___ Records for this task ___
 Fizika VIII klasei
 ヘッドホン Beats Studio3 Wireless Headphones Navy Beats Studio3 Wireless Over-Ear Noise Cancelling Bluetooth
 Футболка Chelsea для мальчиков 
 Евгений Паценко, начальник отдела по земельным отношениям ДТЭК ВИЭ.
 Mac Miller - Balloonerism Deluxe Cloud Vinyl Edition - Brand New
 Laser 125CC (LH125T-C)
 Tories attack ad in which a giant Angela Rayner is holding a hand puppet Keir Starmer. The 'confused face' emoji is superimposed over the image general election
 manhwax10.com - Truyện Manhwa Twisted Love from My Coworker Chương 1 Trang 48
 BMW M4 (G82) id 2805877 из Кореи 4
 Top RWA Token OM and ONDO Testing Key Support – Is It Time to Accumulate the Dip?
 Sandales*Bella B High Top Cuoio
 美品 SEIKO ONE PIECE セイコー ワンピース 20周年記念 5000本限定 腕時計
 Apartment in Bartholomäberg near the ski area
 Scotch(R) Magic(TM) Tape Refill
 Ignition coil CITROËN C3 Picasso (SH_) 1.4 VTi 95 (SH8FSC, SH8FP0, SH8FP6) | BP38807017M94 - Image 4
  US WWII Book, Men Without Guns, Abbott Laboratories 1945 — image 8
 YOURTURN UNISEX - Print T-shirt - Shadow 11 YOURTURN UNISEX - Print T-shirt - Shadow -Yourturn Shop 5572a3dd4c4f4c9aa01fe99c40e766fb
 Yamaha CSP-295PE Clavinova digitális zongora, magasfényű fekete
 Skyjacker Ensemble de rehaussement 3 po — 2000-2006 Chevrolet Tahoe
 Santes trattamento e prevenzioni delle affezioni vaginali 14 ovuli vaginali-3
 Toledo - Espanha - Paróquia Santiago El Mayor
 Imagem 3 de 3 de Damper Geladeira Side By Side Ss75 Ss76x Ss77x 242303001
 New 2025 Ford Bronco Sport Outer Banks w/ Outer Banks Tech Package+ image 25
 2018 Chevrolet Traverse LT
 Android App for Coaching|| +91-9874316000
___
The problem >>
In the entries above, find the line with "Apartment in Bartholomäberg" and the line with "Skyjacker Ensemble de", then set down exactly those two and every line between them, nothing else.

Result below >>
 Apartment in Bartholomäberg near the ski area
 Scotch(R) Magic(TM) Tape Refill
 Ignition coil CITROËN C3 Picasso (SH_) 1.4 VTi 95 (SH8FSC, SH8FP0, SH8FP6) | BP38807017M94 - Image 4
  US WWII Book, Men Without Guns, Abbott Laboratories 1945 — image 8
 YOURTURN UNISEX - Print T-shirt - Shadow 11 YOURTURN UNISEX - Print T-shirt - Shadow -Yourturn Shop 5572a3dd4c4f4c9aa01fe99c40e766fb
 Yamaha CSP-295PE Clavinova digitális zongora, magasfényű fekete
 Skyjacker Ensemble de rehaussement 3 po — 2000-2006 Chevrolet Tahoe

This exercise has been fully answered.